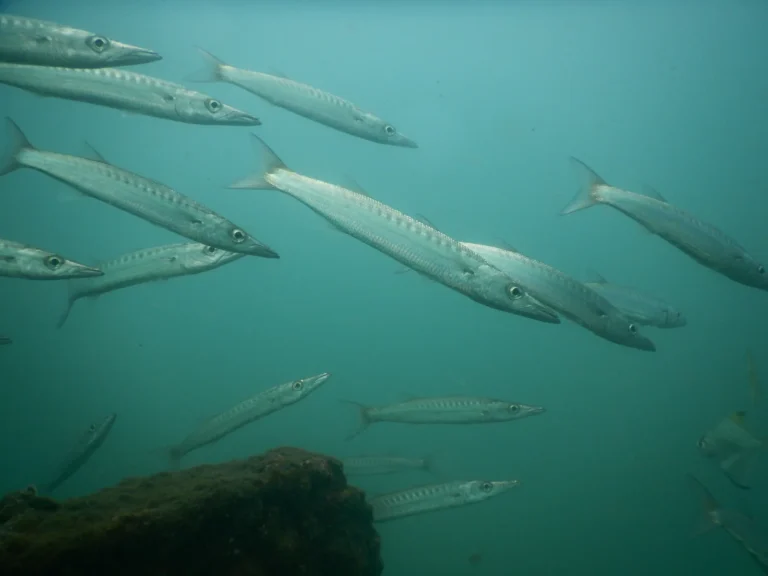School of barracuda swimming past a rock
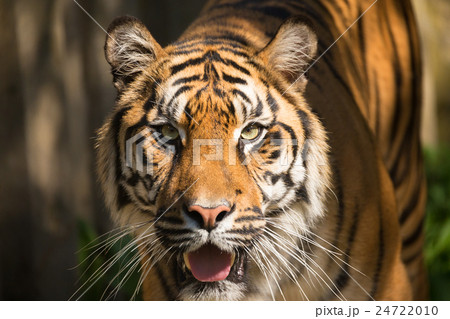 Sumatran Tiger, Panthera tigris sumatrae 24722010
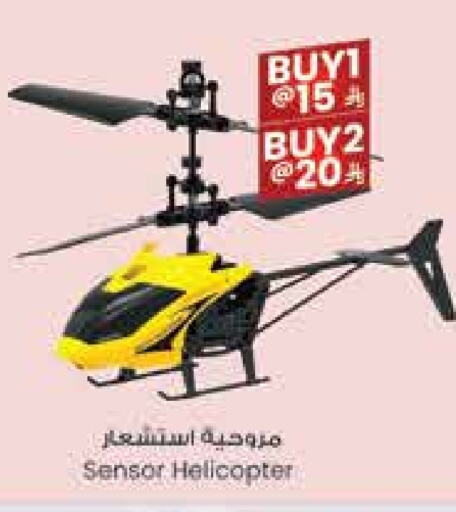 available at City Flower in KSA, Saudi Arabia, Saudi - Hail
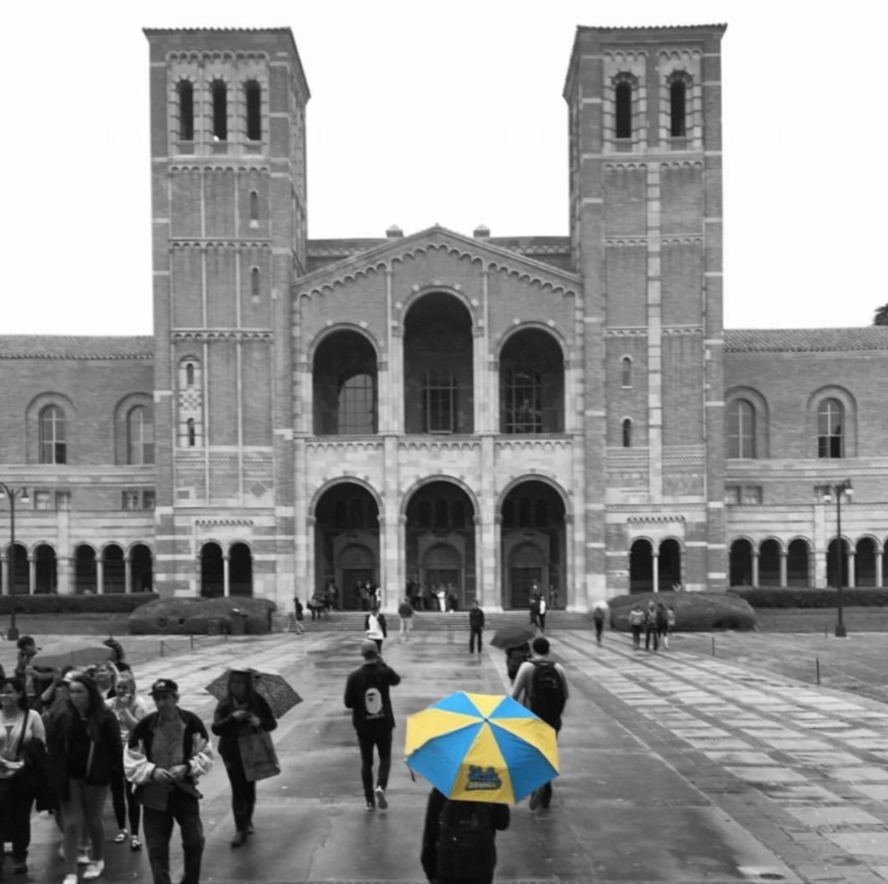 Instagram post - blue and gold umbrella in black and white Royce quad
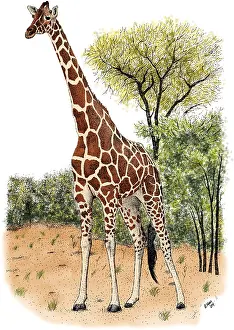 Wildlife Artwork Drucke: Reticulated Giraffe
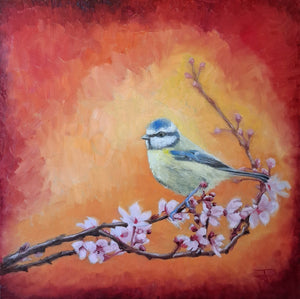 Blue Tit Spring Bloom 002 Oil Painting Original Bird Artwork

Action item: For this exercise, copy the entries above exactly and skip any picture.

Answer to this exercise:
School of barracuda swimming past a rock
 Sumatran Tiger, Panthera tigris sumatrae 24722010
 available at City Flower in KSA, Saudi Arabia, Saudi - Hail
 Instagram post - blue and gold umbrella in black and white Royce quad
 Wildlife Artwork Drucke: Reticulated Giraffe
 Blue Tit Spring Bloom 002 Oil Painting Original Bird Artwork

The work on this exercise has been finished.